Cheveux blanchis sous l'impression d'un rêve
On lit dans le Petit Journal du 14 mai
1866 :
M. Émile Gaboriau, commentant le fait
attribué à ce mari qui aurait assassiné sa femme en rêvant, raconte dans le
Pays le dramatique épisode qu'on va lire :
« Mais voici qui est plus fort, et je
dois dire que j'ajoute foi à ce fait dont l'authenticité m'a été affirmée sous
serment par le héros en personne.
Ce héros, mon camarade de collège, est un
ingénieur d'une trentaine d'années, homme d'esprit et de talent, d'un caractère
méthodique, d'un tempérament froid.
Comme il parcourait la Bretagne il y a deux
ans, il se trouva passer la nuit dans une auberge isolée, à quelques centaines
de mètres d'une mine qu'il se proposait de visiter le lendemain.
Il était las ; il se mit au lit de
bonne heure et ne tarda pas à s'endormir.
Bientôt il rêva. On venait de le mettre à
la tête de l'exploitation de cette mine voisine.
Il surveillait les ouvriers, lorsque arriva
le propriétaire.
Cet homme, brutal et mal élevé, lui
reprocha de rester au dehors les bras croisés pendant qu'il devrait être à
l'intérieur occupé à en tracer le plan.
‑ C'est bien ! je descends, répondit
le jeune ingénieur.
Il descendit en effet, parcourut les
galeries et en leva un croquis.
Cette besogne terminée, il se plaça dans le
panier qui devait le ramener au jour.

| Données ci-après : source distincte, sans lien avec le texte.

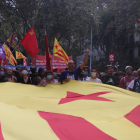 Imagen de archivo de una manifestación independentista el Once de septiembre de 2021.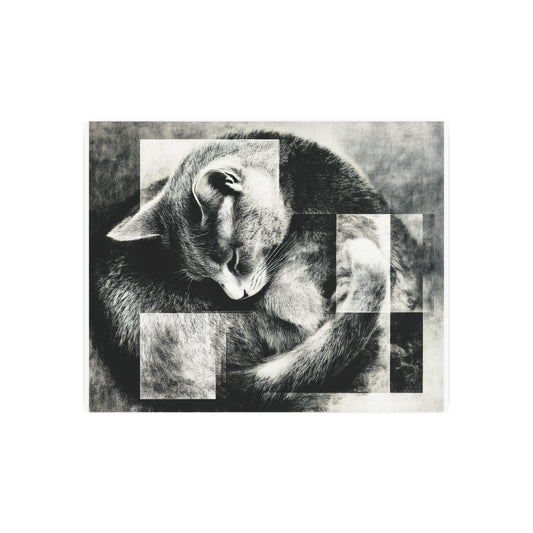 Kazimir Malevich Inspired Abstract Metal Wall Art - Pawfect Pets Design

Un câble énorme servait à hisser ce
panier.
La mine étant extraordinairement profonde,
l'ingénieur calcula que l'ascension durerait bien un quart d'heure, aussi
s'installa-t-il le plus commodément qu'il put.
Il remontait depuis deux ou trois minutes
déjà lorsque, levant les yeux par hasard, il crut voir que le câble auquel se
trouvait suspendue sa vie était coupé à quelques pieds au-dessus de sa tête,
trop haut pour qu'il pût atteindre la rupture.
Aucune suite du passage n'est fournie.